[Start of Attachment]

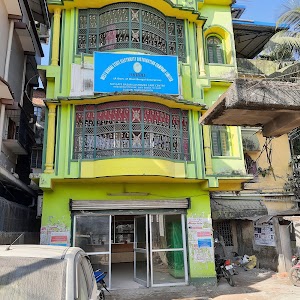 NJP Gatebazar CCC, WBSEDCL
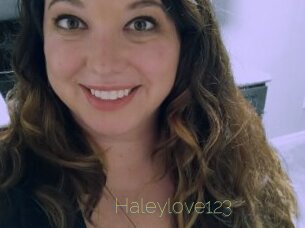 Haleylove123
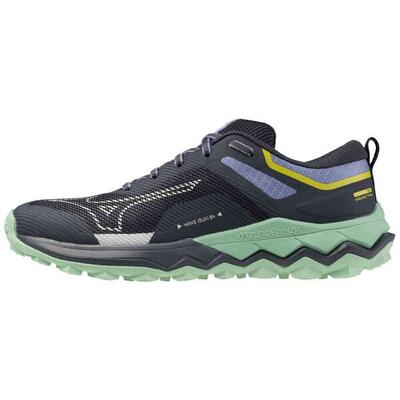 Zapatillas de running Mizuno Wave Ibuki 4 para mujer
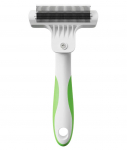 Andis Deshedding Rake Fine Tooth (15 x 7cm)
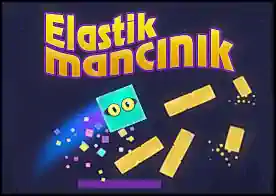 Elastik Mancınık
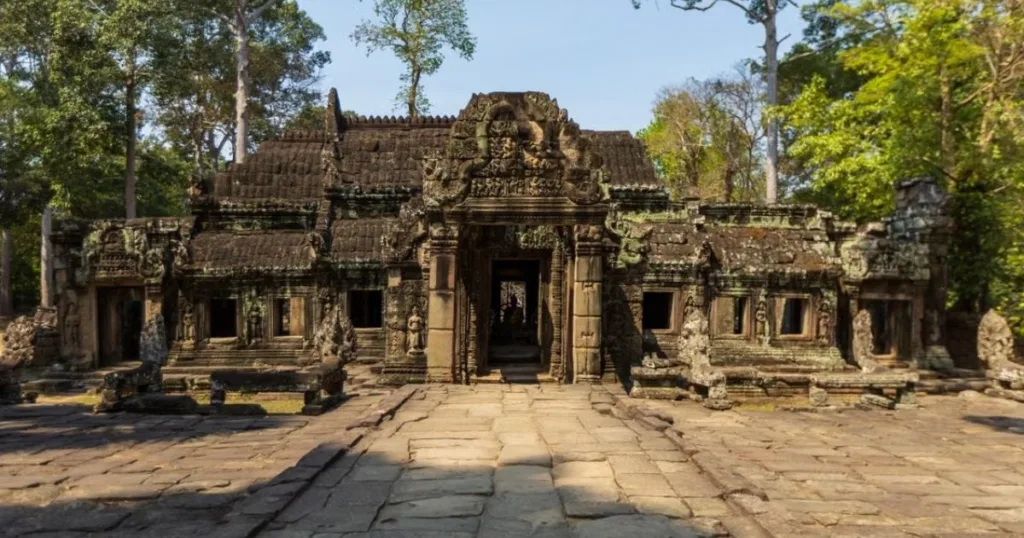Pertama Kali Nak Travel Luar Negara? Ini 5 Negara Murah & Mesra Bajet Untuk Rakyat Malaysia 10 travel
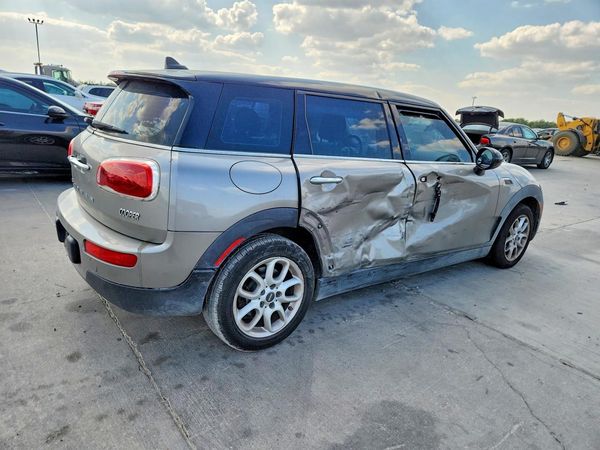 2017 MINI COOPER — PSRA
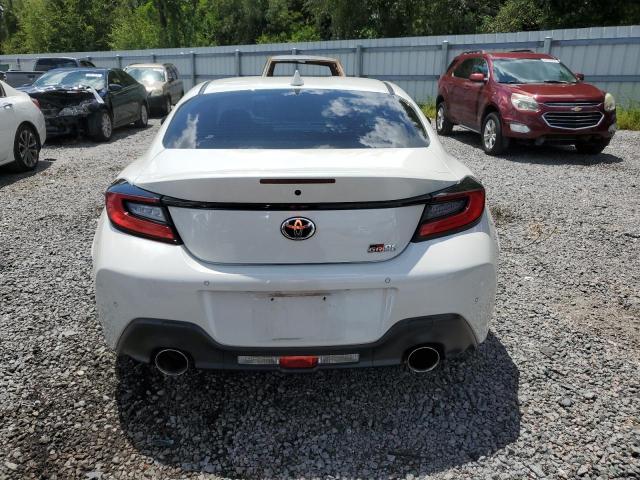 2023 TOYOTA GR 86 JF1ZNBC11P8757886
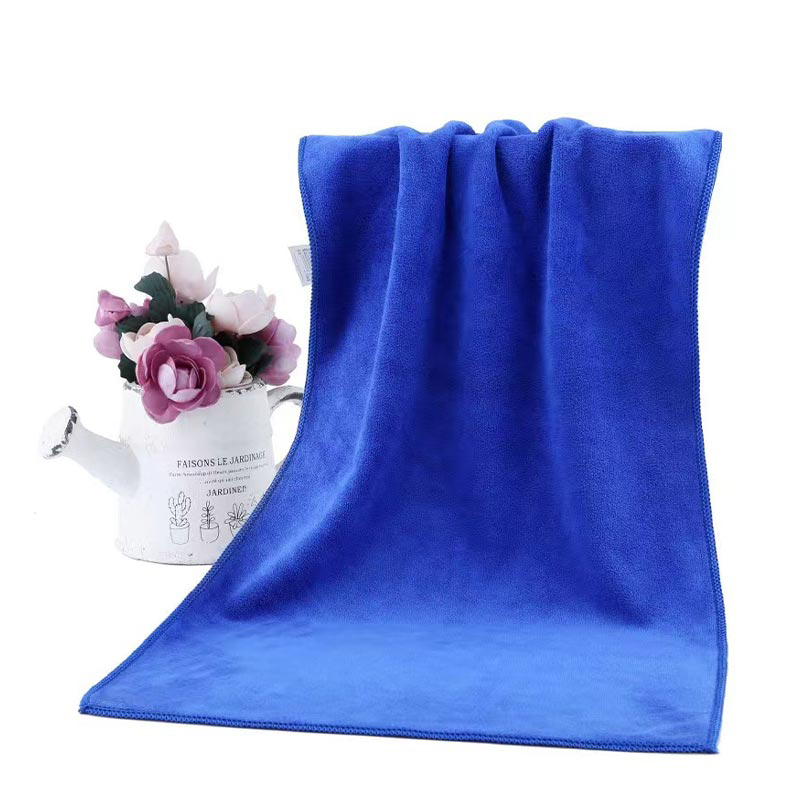 历途科技 抹布5条装 75*35CM高清大图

[End of Attachment]

● PROMPT:
Write out the whole listing exactly. Do not include the pictures.

● RESULT FOR THIS EXERCISE:
 NJP Gatebazar CCC, WBSEDCL
 Haleylove123
 Zapatillas de running Mizuno Wave Ibuki 4 para mujer
 Andis Deshedding Rake Fine Tooth (15 x 7cm)
 Elastik Mancınık
Pertama Kali Nak Travel Luar Negara? Ini 5 Negara Murah & Mesra Bajet Untuk Rakyat Malaysia 10 travel
 2017 MINI COOPER — PSRA
 2023 TOYOTA GR 86 JF1ZNBC11P8757886
 历途科技 抹布5条装 75*35CM高清大图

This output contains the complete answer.